In this installment of his column "The Singularity," Jay Liu (CAS '28) explains the release of a new AI model claimed to have strong writing abilities and what it means for human creativity.
Sam Altman, CEO of the artificial intelligence (AI) research organization OpenAI, announced on X that OpenAI had begun training a new generative chatbot with strong creative writing capabilities, including the ability to write about AI and reflect on its own limitations. The post also included a writing sample. OpenAI prompted the model to “write a metafictional literary short story about AI and Grief.” Its short story garnered mixed responses that reintroduced the uncertainties of automation, creativity and authorship.
The story, told through the perspective of an AI chatbot, introduces the arbitrarily named Mila and her endeared Kai, whom she has lost. To cope with her grief, Mila frequently talks to the chatbot, asking it what Kai might say or do or how things will be in the future.
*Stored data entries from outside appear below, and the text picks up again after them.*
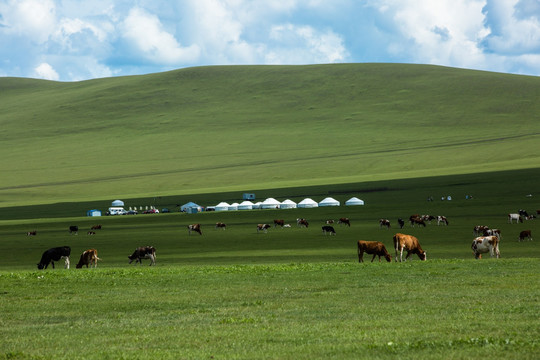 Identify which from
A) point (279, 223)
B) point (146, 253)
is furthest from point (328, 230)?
point (146, 253)

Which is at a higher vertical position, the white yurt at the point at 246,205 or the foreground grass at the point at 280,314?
the white yurt at the point at 246,205

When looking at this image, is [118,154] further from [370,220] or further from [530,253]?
[530,253]

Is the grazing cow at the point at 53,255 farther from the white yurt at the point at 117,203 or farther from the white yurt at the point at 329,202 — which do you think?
the white yurt at the point at 117,203

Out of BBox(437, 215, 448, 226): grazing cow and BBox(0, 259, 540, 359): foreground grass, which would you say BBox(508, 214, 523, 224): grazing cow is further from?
BBox(0, 259, 540, 359): foreground grass

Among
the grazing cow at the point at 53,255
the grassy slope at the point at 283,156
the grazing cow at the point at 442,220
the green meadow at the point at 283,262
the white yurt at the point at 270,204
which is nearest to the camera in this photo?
the green meadow at the point at 283,262

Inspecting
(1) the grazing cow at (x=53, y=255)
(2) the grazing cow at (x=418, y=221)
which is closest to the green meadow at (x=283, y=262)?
(2) the grazing cow at (x=418, y=221)

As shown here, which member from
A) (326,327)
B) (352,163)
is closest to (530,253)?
(326,327)

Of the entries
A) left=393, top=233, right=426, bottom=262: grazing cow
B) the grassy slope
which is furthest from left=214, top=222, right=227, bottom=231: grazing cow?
the grassy slope

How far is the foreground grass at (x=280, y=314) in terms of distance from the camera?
1224cm

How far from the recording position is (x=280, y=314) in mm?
16875

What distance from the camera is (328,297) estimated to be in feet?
65.2

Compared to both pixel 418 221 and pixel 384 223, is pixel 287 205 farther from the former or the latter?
pixel 418 221

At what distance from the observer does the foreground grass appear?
12.2 m

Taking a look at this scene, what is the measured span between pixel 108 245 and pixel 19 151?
152 m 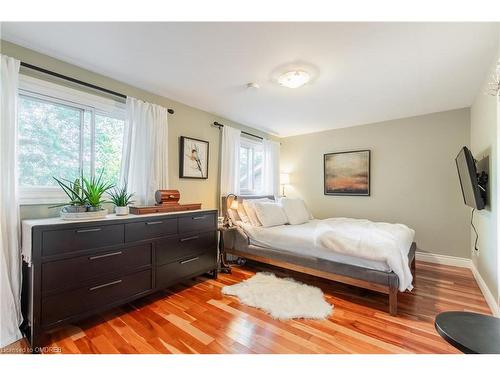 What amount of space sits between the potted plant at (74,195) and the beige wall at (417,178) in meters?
3.93

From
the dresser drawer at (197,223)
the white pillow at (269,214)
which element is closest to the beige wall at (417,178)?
the white pillow at (269,214)

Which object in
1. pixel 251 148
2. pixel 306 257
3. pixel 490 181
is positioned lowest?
pixel 306 257

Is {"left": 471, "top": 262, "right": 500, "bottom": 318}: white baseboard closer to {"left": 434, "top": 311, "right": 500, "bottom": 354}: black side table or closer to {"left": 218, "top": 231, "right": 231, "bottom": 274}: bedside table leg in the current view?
{"left": 434, "top": 311, "right": 500, "bottom": 354}: black side table

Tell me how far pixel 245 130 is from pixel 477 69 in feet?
10.1

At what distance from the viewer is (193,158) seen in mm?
3338

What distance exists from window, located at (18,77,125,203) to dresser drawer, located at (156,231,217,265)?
36.6 inches

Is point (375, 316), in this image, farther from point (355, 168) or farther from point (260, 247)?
point (355, 168)

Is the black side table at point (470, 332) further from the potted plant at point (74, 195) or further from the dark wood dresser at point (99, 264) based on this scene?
the potted plant at point (74, 195)

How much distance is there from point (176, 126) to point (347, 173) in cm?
309

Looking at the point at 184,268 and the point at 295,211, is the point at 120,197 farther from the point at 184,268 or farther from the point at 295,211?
the point at 295,211

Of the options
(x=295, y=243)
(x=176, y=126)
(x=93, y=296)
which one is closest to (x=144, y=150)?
(x=176, y=126)

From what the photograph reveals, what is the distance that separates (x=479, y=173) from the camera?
8.21ft

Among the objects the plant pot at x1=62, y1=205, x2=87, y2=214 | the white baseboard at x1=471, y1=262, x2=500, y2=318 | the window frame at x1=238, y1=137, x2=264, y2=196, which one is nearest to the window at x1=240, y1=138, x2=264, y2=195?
the window frame at x1=238, y1=137, x2=264, y2=196
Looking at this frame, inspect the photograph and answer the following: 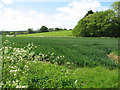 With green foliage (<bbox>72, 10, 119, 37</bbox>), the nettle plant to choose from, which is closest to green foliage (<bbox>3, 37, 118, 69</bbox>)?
the nettle plant

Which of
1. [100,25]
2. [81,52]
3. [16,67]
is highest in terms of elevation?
[100,25]

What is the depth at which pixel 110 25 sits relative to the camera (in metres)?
38.6

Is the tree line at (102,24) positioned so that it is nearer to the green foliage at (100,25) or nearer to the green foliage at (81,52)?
the green foliage at (100,25)

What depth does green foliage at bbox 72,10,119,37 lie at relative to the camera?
3928cm

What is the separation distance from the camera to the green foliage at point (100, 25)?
3928 centimetres

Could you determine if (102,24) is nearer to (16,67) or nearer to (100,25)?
(100,25)

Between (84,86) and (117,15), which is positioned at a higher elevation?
(117,15)

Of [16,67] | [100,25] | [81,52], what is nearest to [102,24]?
[100,25]

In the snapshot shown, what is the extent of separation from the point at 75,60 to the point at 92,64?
99 cm

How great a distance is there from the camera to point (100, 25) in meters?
40.9

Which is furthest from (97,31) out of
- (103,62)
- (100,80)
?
(100,80)

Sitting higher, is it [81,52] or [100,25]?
[100,25]

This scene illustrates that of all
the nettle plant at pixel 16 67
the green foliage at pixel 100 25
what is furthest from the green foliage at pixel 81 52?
the green foliage at pixel 100 25

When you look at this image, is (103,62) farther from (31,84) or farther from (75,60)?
(31,84) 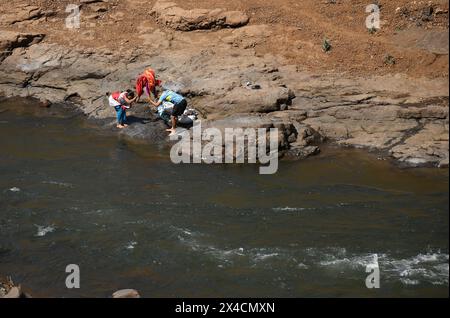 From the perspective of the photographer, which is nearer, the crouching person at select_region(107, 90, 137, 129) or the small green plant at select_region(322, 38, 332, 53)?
the crouching person at select_region(107, 90, 137, 129)

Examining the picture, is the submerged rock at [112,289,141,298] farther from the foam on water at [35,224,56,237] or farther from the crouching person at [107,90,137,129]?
the crouching person at [107,90,137,129]

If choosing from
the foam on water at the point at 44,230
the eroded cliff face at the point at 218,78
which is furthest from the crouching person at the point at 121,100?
the foam on water at the point at 44,230

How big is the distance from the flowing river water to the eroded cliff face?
0.82m

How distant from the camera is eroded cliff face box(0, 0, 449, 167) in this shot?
14.7 metres

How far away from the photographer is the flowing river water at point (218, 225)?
10.2m

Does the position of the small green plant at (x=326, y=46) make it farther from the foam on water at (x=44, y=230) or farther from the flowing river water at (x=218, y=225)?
the foam on water at (x=44, y=230)

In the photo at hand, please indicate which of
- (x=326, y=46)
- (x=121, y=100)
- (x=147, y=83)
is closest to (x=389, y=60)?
(x=326, y=46)

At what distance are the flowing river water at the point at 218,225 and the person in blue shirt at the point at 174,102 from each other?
0.81m

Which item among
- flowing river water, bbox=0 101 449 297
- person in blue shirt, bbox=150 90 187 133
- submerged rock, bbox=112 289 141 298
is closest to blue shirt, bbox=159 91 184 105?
person in blue shirt, bbox=150 90 187 133

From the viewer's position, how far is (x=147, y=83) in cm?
1600

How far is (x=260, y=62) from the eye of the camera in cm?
1719

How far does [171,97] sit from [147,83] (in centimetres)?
89

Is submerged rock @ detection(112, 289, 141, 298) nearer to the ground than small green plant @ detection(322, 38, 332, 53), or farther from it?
nearer to the ground

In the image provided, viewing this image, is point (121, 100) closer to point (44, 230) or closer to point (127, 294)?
point (44, 230)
The chatbot reflects that, while Mila has tasked it to “resurrect voices,” it is only capable of mimicry. The chatbot can only form semblances of thoughts and feelings based on the words of others: text messages, emails and so on.
The fallibility of its memory and the temporality of its story are also things the chatbot considers. It discusses how every prompt and every story it generates exists in a vacuum. The story of Mila and Kai exists only in this temporary space-time, from when the user typed in the prompt to when the user closes it. After that window, nothing remains. Even the chatbot will have no memory of them.
The short story seemed to prove the model’s capability of realizing its own roles and limitations. People often critique AI-generated content such as writing, artwork or videos as lacking emotional impact. I tend to agree with this sentiment. Creativity that stems from the human experience — including emotions ranging from joy and pain to love and nostalgia — has an indescribable ability to resonate with other people. Nonetheless, as these AI models continue to advance, some of their generated content has almost equally resonated with me. This short story, though at times incoherent, made me live through the chatbot’s guilt and reflections over its inability to fully capture Kai’s lost presence and to feel that grief the same way Mila does.
While AI’s increased ability to elicit emotional responses may seem foreign and perhaps eerie, it also makes sense when we consider the ways that generative AI models learn to generate: They take text samples of human writing — imbued with human authors’ experiences, opinions and emotions — and produce stylistically similar content. AI-generated stories preserve some of the original author’s feelings, allowing them to hint at real emotions despite not being written by a person.
Decorated author Jeanette Winterson doesn’t see a problem with automation in creative writing. Instead, she urges people to embrace AI creativity, not as artificial creativity but as “alternative creativity.” Winterson believes AI learns similarly to humans — we, too, learn from all kinds of “data,” such as “family, friends, education environment, what you read or watch.” Most educational institutions, including Georgetown University, frequently emphasize and welcome the diversity of perspectives. Winterson argues AI brings a nonhuman perspective that should also be embraced.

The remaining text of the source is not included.